Considérant en troisième lieu, que si la demande présentée par l’association intimée, visait, notamment, à obtenir le bénéfice, dans un premier temps, d’un aumônier bénévole national, et si le GARDE DES SCEAUX, MINISTRE DE LA JUSTICE objecte à ce propos qu’une telle demande, effectivement du ressort de l’association intimée, ne pouvait découler d’aucune des dispositions légales en vigueur à la date de la décision litigieuse, il apparaît toutefois à l’examen des pièces du dossier que, dès 2004 au moins, la pratique de l’agrément d’un aumônier national pour les principaux cultes, à même d’intervenir sur tout le territoire, avait été admise et développée à cette fin et à celle de consultation par le directeur de l’administration pénitentiaire, un arrêté ministériel du 8 décembre 2005 régulièrement publié au Journal officiel fixant même diverses indemnités forfaitaires annuelles dont celles allouées à de tels aumôniers nationaux ;

Considérant en quatrième lieu, que la demande de l’association cultuelle les Témoins de Jéhovah de France en date du 19 décembre 2007 tendait en tous les cas, par la formulation adoptée, à laisser à l’administration son pouvoir d’appréciation pour l’organisation du culte des Témoins de Jéhovah dans les différents établissements répartis sur le territoire, afin de tenir compte du nombre de détenus ayant déclaré leur appartenance audit culte ;

Considérant enfin que, si le ministre se prévaut, en des termes généraux, de difficultés matérielles d’organisation qui découleraient de la nécessité d’organiser et d’encadrer l’exercice d’offices religieux pour le culte dont s’agit, un tel motif ne peut être utilement opposé au stade de la demande de l’association cultuelle les Témoins de Jéhovah de France qui visait à obtenir l’agrément d’aumôniers au niveau des régions pénitentiaires où leur présence est nécessaire, et à tout le moins d’un aumônier au niveau national ;

Considérant qu’il résulte de ce qui précède, et nonobstant la circonstance que les textes au premier rang desquels les articles 9 et 14 de la Convention européenne de sauvegarde des droits de l’homme et des libertés fondamentales, tels qu’interprétés par la Cour européenne des droits de l’homme, autorisent le principe du droit d’ingérence de l’autorité administrative dans l’exercice du droit à la liberté de manifester sa religion en milieu pénitentiaire, il y a lieu de confirmer l’annulation prononcée par le jugement attaqué, de la décision implicite née du silence gardé plus de deux mois par le GARDE DES SCEAUX, MINISTRE DE LA JUSTICE sur la demande en date du 19 décembre 2007 de l’association cultuelle les Témoins de Jéhovah de France, et de rejeter le recours ministériel ;

Sur les conclusions tendant à l’application de l’article L. 761-1 du code de justice administrative :

Considérant qu’il y a lieu, dans les circonstances de l’espèce, de mettre à la charge de l’Etat le versement à l’association cultuelle les Témoins de Jéhovah de France de la somme de 1 500 euros au titre des frais exposés et non compris dans les dépens ;

D E C I D E :

Article 1er : Le recours du GARDE DES SCEAUX, MINISTRE DE LA JUSTICE est rejeté.

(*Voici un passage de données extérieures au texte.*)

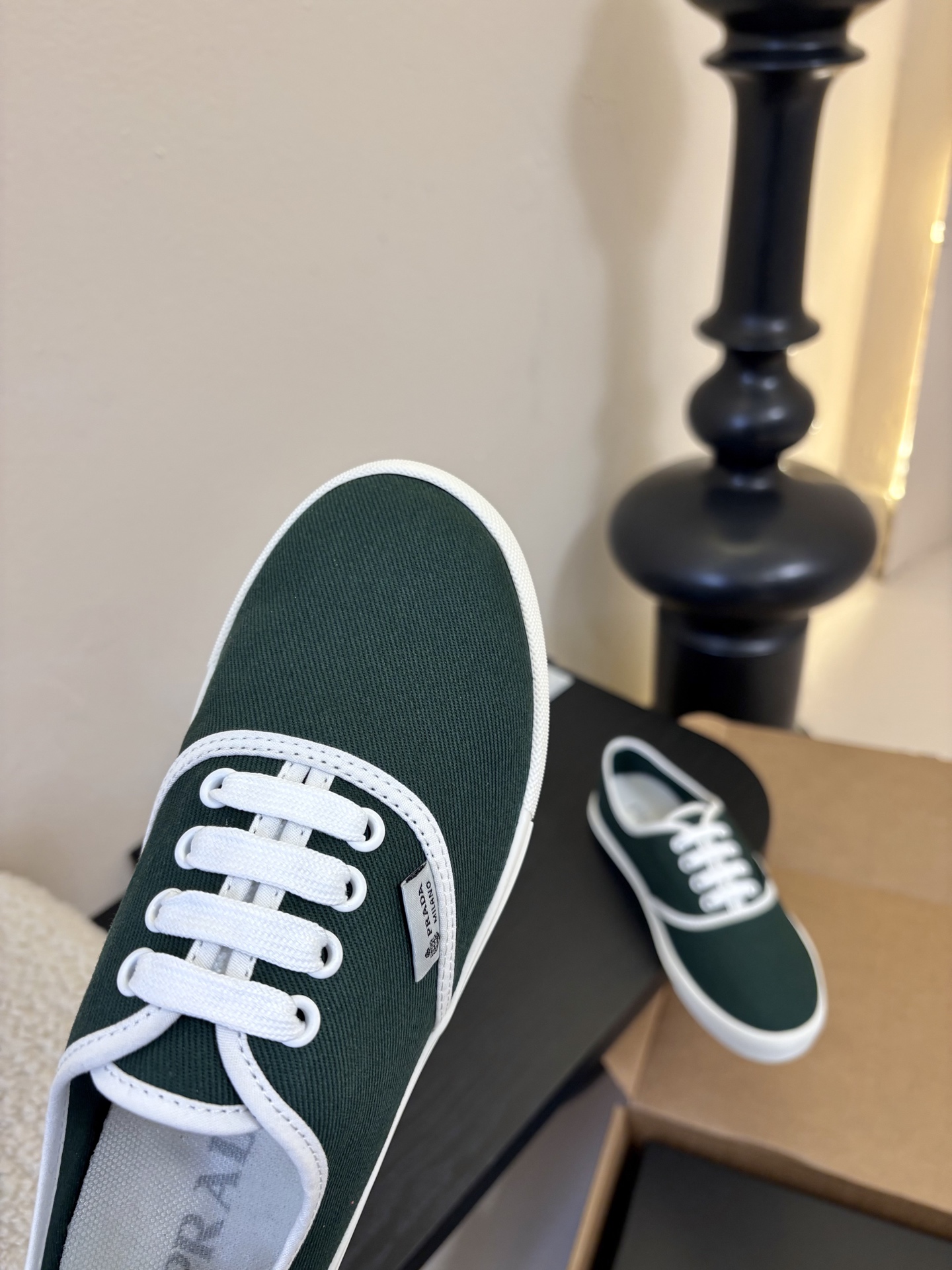 Prad*26ss早春新款简约经典帆布休闲鞋系列以经典帆布鞋为基础，鞋型利落百搭，没有复杂装饰，仅靠线条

Article 2 : L’Etat versera à l’association cultuelle les Témoins de Jéhovah de France la somme de 1 500 euros au titre des dispositions de l’article L. 761-1 du code de justice administrative. Le surplus des conclusions incidentes de ladite association, présentées au même titre, est rejeté.

Références

Actualité juridique droit administratif, 7 novembre 2011, n° 37, pp. 2121-2124.